= Complexometric indicator =

Chemical detector for metal ions in complexometric titrations

A complexometric indicator is an ionochromic dye that undergoes a definite color change in presence of specific metal ions. It forms a weak complex with ions in solution, resulting in a color significantly different from the free form.
Complexometric indicators are also referred to as pM indicators.

==Complexometric titration==
In analytical chemistry, complexometric indicators are used in complexometric titration to indicate the exact moment when all the metal ions in the solution are sequestered by a chelating agent (most usually EDTA). Such indicators are also called metallochromic indicators.
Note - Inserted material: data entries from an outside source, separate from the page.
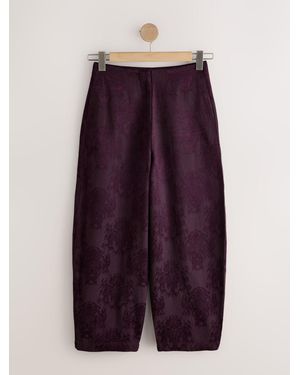 Next Burgundy Jacquard Barrel Leg Pants - Purple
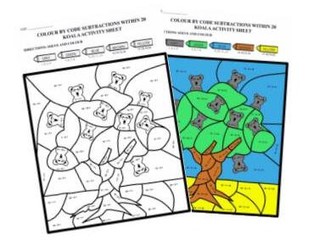 Colour by Code Subtractions Within 20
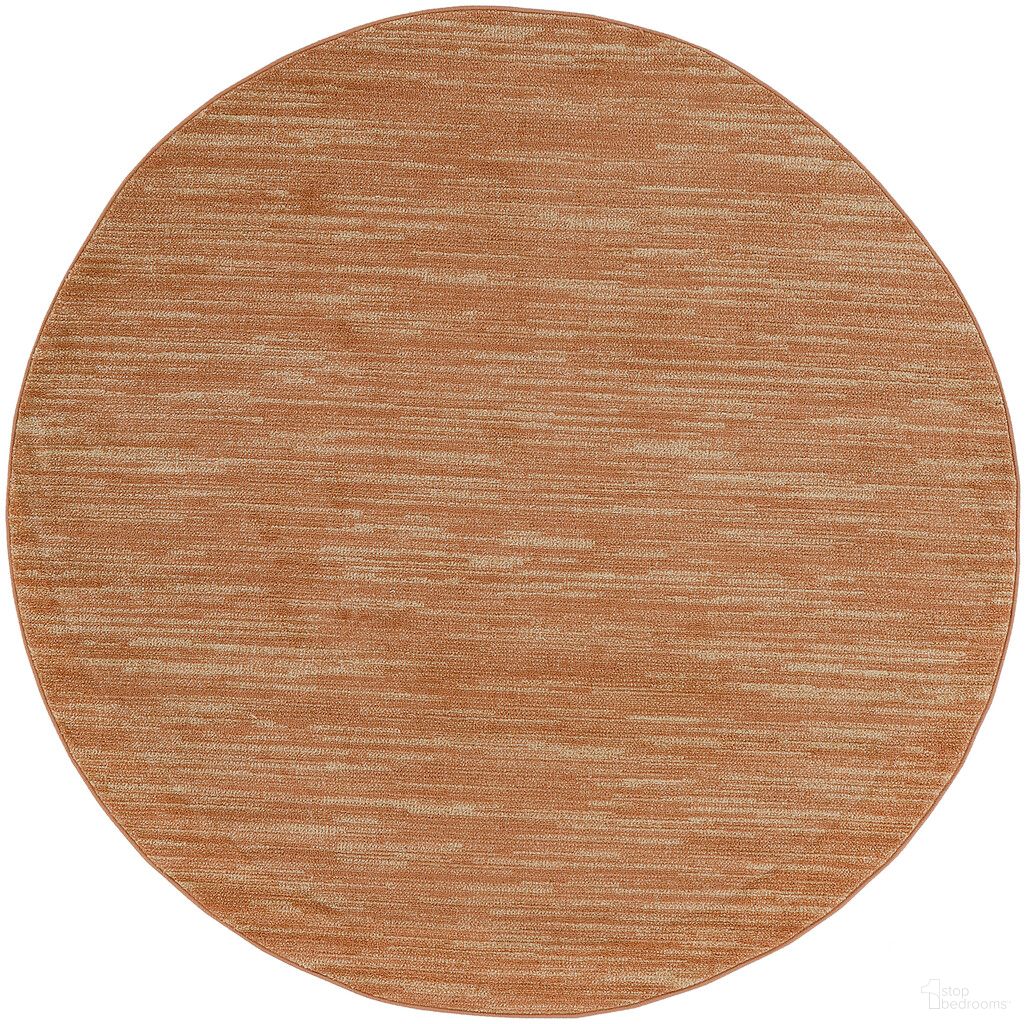 Nourison Essentials 4' x 4' Round Outdoor Rug In Rust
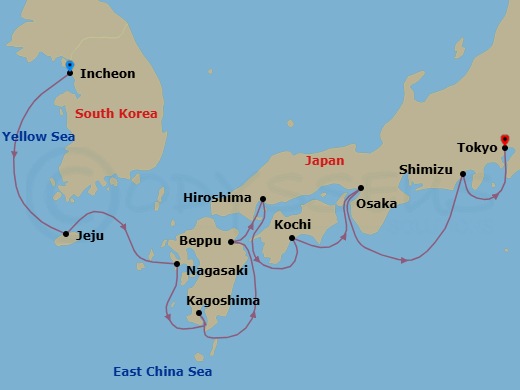 Itinerary map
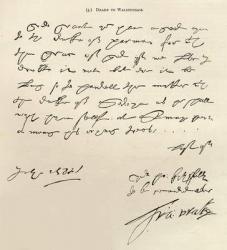 Letter from Sir Francis Drake to Sir Francis Walsingham signed 29th July 1588, published in 'Leisure Hour', 1888 (ink on paper) | Obraz na stenu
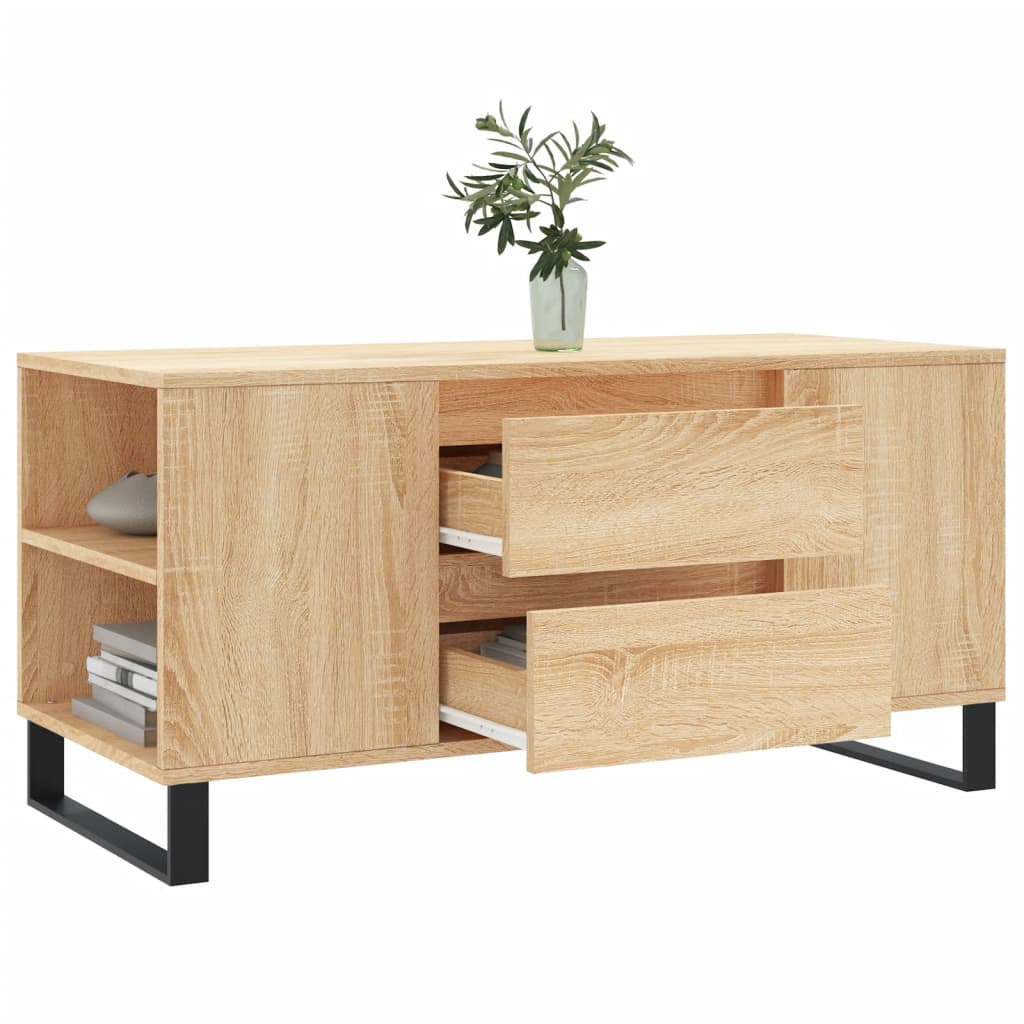 Table basse chêne sonoma 102x44,5x50 cm bois d'ingénierie - XIOS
The indicator may be present in another liquid phase in equilibrium with the titrated phase, the indicator is described as extraction indicator.

Some complexometric indicators are sensitive to air and are destroyed. When such solution loses color during titration, a drop or two of fresh indicator may have to be added.

==Examples==
Complexometric indicators are water-soluble organic molecules. Some examples are:

- Calcein with EDTA for calcium
- Patton-Reeder Indicator with EDTA for calcium with magnesium
- Curcumin for boron, that forms Rosocyanine, although the red color change of curcumin also occurs for pH > 8.4
- Eriochrome Black T for aluminium, cadmium, zinc, calcium and magnesium
- Fast Sulphon Black with EDTA for copper
- Hematoxylin for copper
- Murexide for calcium and rare earths, but also for copper, nickel, cobalt, and thorium
- Xylenol orange for gallium, indium and scandium

==Redox indicators==
In some settings, when the titrated system is a redox system whose equilibrium is influenced by the removal of the metal ions, a redox indicator can function as a complexometric indicator.